ANGUS BEEF BULLETIN EXTRA

November 23, 2020 | Vol. 13 : No. 11

management

What Are Your Benchmarks for Success?

Angus Beef Bulletin seeks your input on how you gauge your success in the cattle business.

How do you gauge your success in the beef cattle industry? Conception rate? Calving rate? Pounds produced per acre? The number of your daughter’s ballgames you can attend? All are legitimate, depending on your aspirations for being in the cattle business. As we approach the January Angus Beef Bulletin, we’d like to get insight into what you consider the most important benchmarks for your herd. With your permission, we may share them with our readers in the January issue.

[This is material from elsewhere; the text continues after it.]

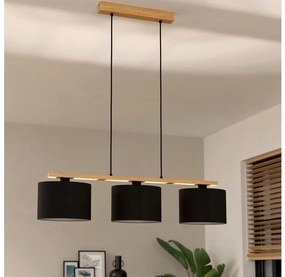 Eglo 900313 - Lampa sufitowa CASTRALVO 3xE27/40W/230V na linkach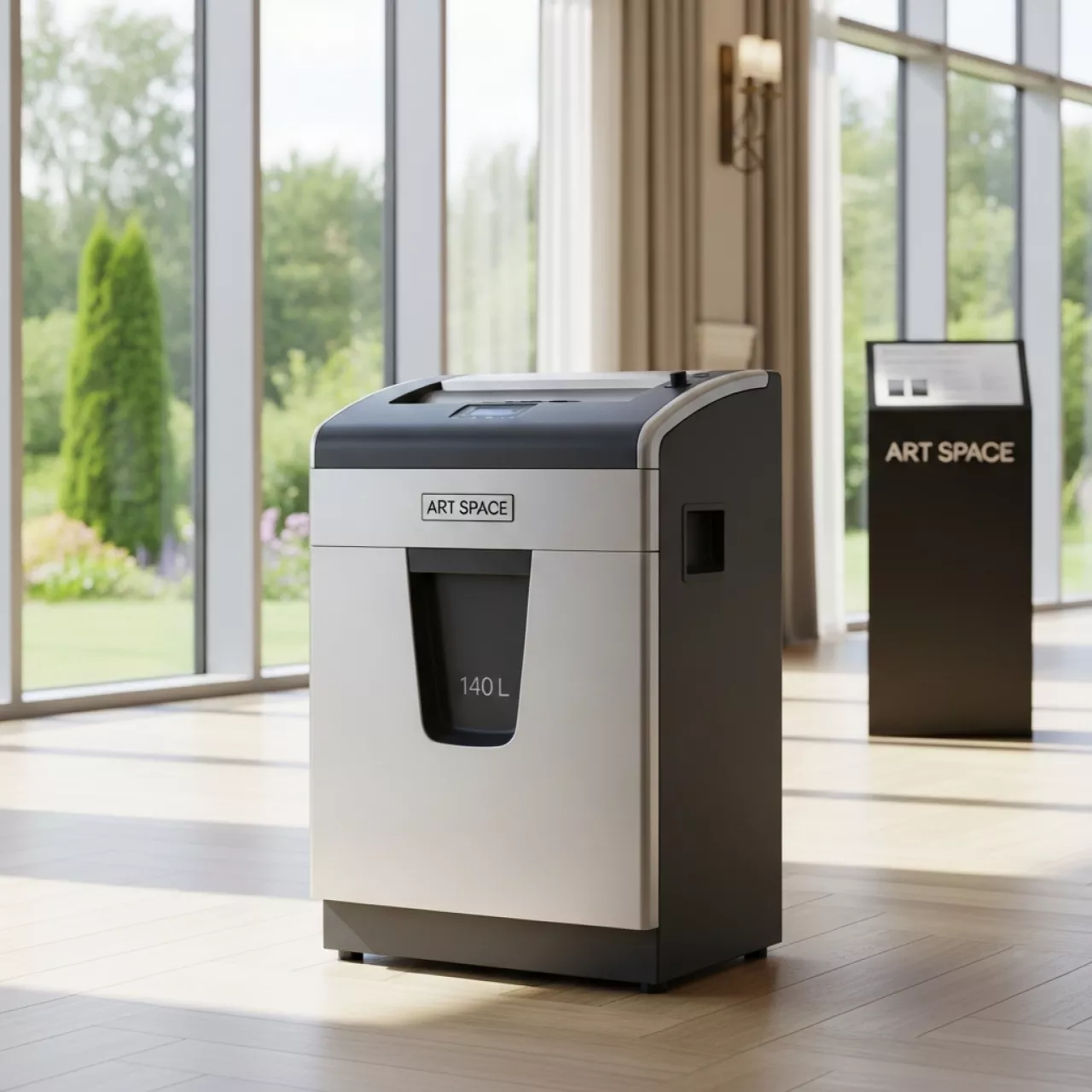 Аренда Шредер уничтожитель Ideal 3105 CC JUMBO 4х40 мм в банкетном зале «Дельфин» — ART SPACE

There’s no doubt, many of us are ready to put 2020 in the rearview mirror, and what better way than to start looking forward to 2021. Before we completely block it out of our minds, what were some of the benchmarks we reached this year? And where do we want to go from there?

Do you have a formal goal, maybe one you’ve set with your lender, your veterinarian or your supply chain partner? Or are your goals more in your head (or in your heart, for that matter)?

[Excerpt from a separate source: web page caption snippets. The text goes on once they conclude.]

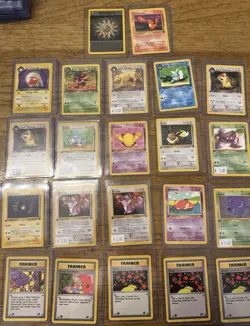 Pokemon TCG WOTC 1st Edition Team Rocket Lot of 22 cards - Image 1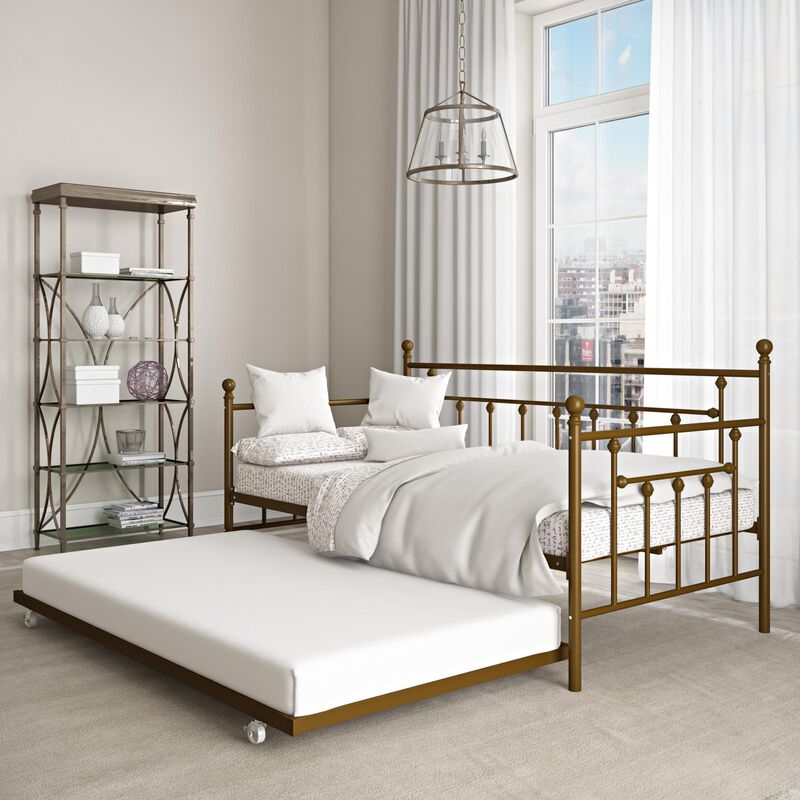 Maisie Twin Size Daybed and Twin Size Trundle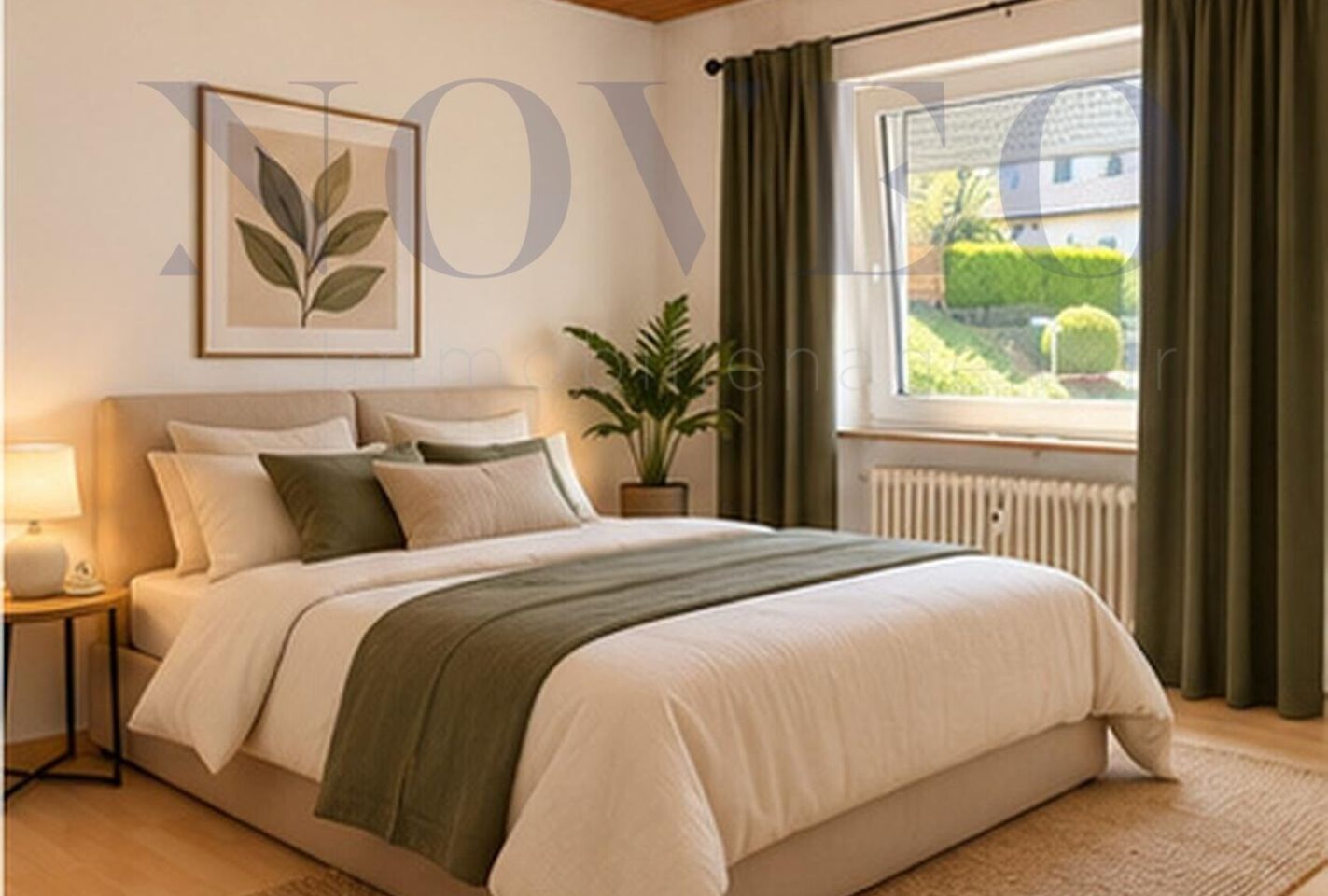 Schlafzimmer (2) ( Visualisiert )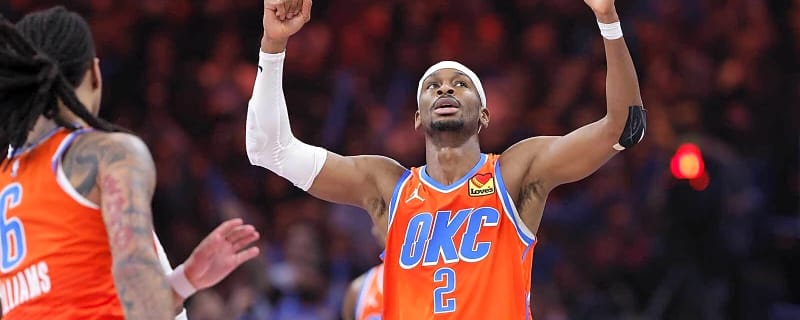 Thunder’s Shai Gilgeous-Alexander does his best Michael Jordan impression with historic feat
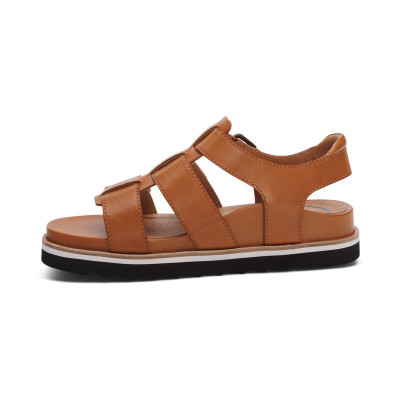 Giàyl sức khỏe nữ Aetrex Romy Ginger - sandal đế đệm nâng vòm cho bàn chân bẹt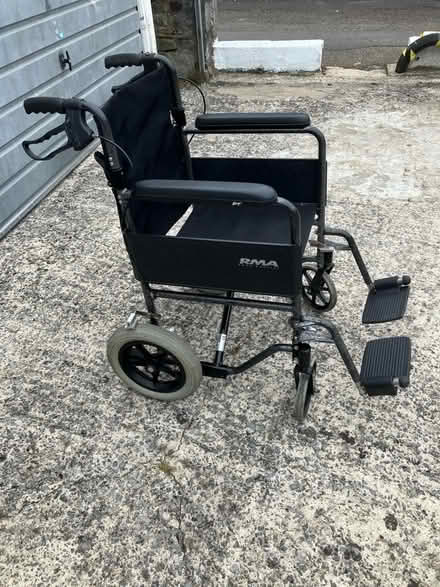 Photo of free Wheelchair (Llanelli Brynmor Rd SA15) #3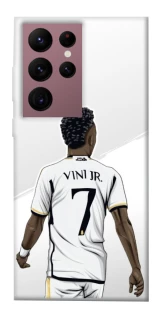 Чехол на Samsung Galaxy S22 Ultra Vinícius Jr. фото 1 из 1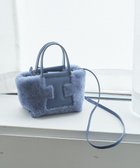 【イアクッチ/IACUCCI】のソルベット XS MONTONE/RUGA 人気、トレンドファッション・服の通販 founy(ファニー) ファッション Fashion レディースファッション Fashion for Women バッグ Bags アクセサリー Fashion Accessories コレクション Collection, Seasonal Line コンパクト Compact, Small Size チャーム Charm, Pendant 人気 Popular, Best Seller ポーチ Pouch, Small Case ムートン Shearling, Mouton 冬 Winter / This Winter A/W・秋冬 Autumn/Winter おすすめ Recommended / Our Picks 旅行 Travel エレガント 上品 Elegant 2025年 2025 2025-2026秋冬・A/W Autumn/Winter 2025–26 AW25–26 thumbnail サックスブルー|ID: prp329100004615300 ipo3291000000033052772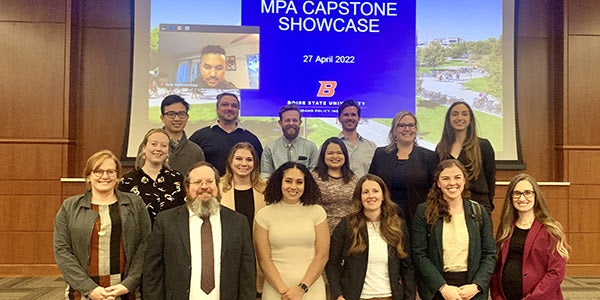 2022 MPA Capstone CLass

Are your goals focused on your herd? Or do you use your herd to reach goals for other enterprises, such as land utilization, forest management or residue utilization?

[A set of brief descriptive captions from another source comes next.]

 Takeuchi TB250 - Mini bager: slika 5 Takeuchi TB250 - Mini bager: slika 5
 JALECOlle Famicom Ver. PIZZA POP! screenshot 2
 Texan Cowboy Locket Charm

Yes, these are pretty wide-open questions, but grab ahold of one that piques your interest or passion and tell us what you think.

While the above are certainly open-ended questions I’d love to get your feedback on, here are some specific questions I’d love to get your response to:

  • If you are a cow-calf producer, what was your calving rate (number of calves born ÷ number of cows exposed to a bull, bred by artificial insemination or implanted with an embryo) this year? What window did you allow cows to get bred (45-day, 90-day)? How do you want that to change this year?
  • Many producers used 2020 cull cow prices as incentive to cull cows. What were the weights on the cows you marketed? How does that fit with your environmental resources, and where do you want to be with your mature cow weights in five years?
  • If you feed out cattle, what was your cost of gain? What factors influenced that the most? How would you like to change that in 2021?
  • What was your death loss? How does that compare to the last four years? Of course, we’d love to be 0%, but what is a realistic goal for next year? What problems do you need to address to get there?
  • If you are a stocker operator, what was your cost of gain, morbidity rate, and average treatment cost? What was your return on investment (ROI) and what do you want it to be?